171 - Parent Psychosocial Experiences with Rapid Genome Sequencing

Saturday, April 29, 2023

3:30 PM – 6:00 PM ET

Poster Number: 171
Publication Number: 171.218

Anamika Shah, Ohio State University College of Medicine, Columbus, OH, United States; Bimal Pankaj. Chaudhari, Nationwide Childrens Hospital, Columbus, OH, United States

Presenting Author(s)

Anamika Shah, BA (she/her/hers)

MS-2
Ohio State University College of Medicine
Columbus, Ohio, United States

Background: Rapid genome sequencing (rGS) in neonatal and pediatric critical care settings is an effective and useful first-tier diagnostic test. In RCTs of rGS, parents report low regret, positive overall experience, reduced uncertainty, and improved empowerment.

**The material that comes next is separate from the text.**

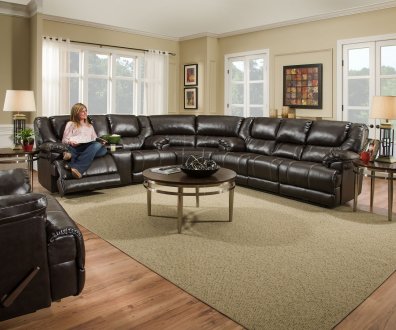 50451BR Recliner Sectional Sofa in Bingo Brown by Beautyrest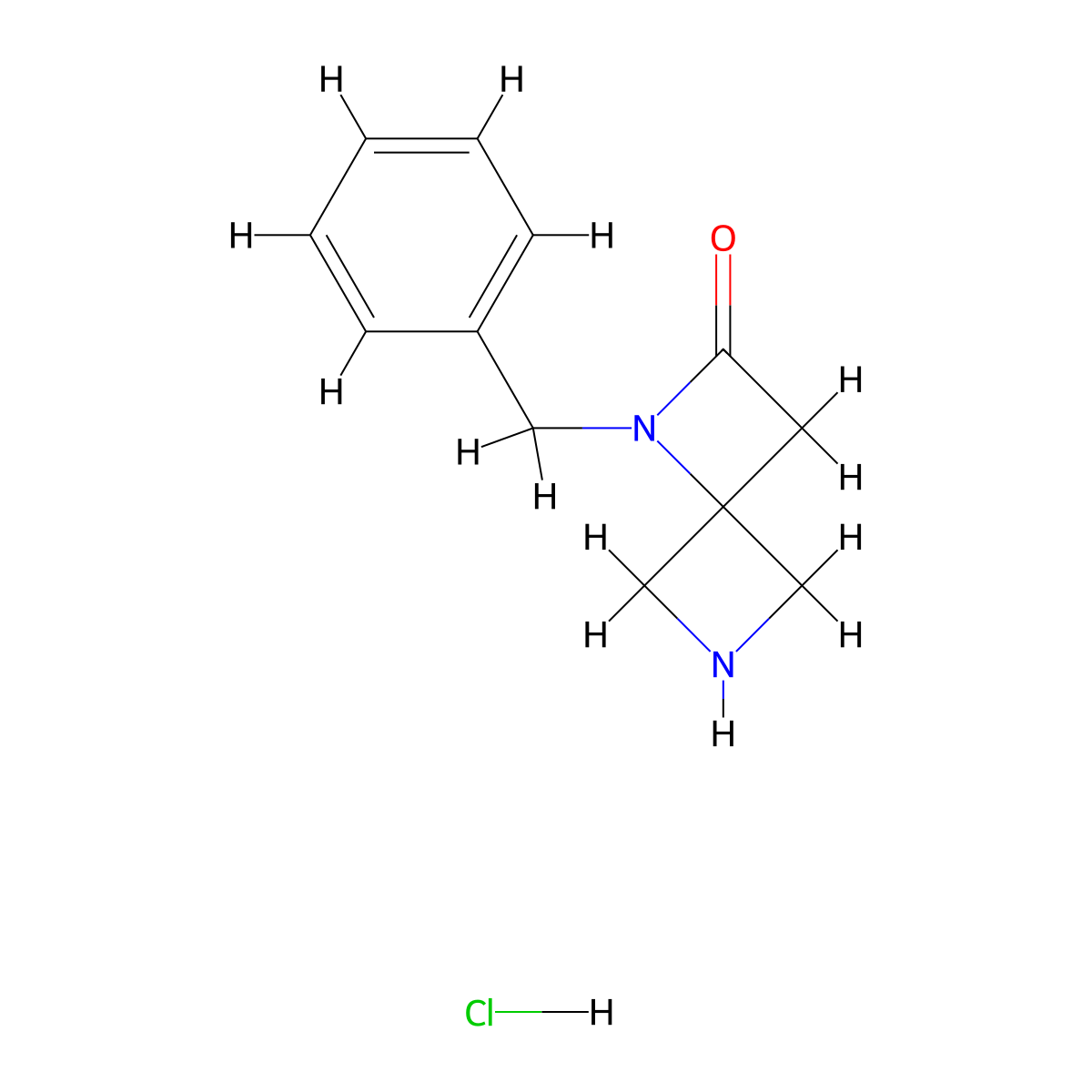 1-Benzyl-1,6-diazaspiro(3.3)heptan-2-one hydrochloride molecular structure, CAS 2060041-86-1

Objective: How rGS affects parental psychosocial outcomes when patients are selected at the discretion of the treatment team rather than by the criteria of RCTs is unknown.

Design/Methods: Parents (N=113) of children (N=71) in neonatal and pediatric intensive care units (median age at consent 0.21 years) who received rGS as part of an existing prospective, non-randomized, validation study (Figure 1) were sent an online survey of previously validated scales (Decision Regret Scale (DRS), Psychological Empowerment Scale (PES), Postpartum Bonding Questionnaire (PBQ)) to measure psychosocial outcomes. Semi-structured interviews were recorded for inductive thematic analysis.

Results:

Response rate was 37% (42/113). Ten respondents completed semi-structured interviews. Fathers made up 33% of survey respondents and 30% of interviewees. 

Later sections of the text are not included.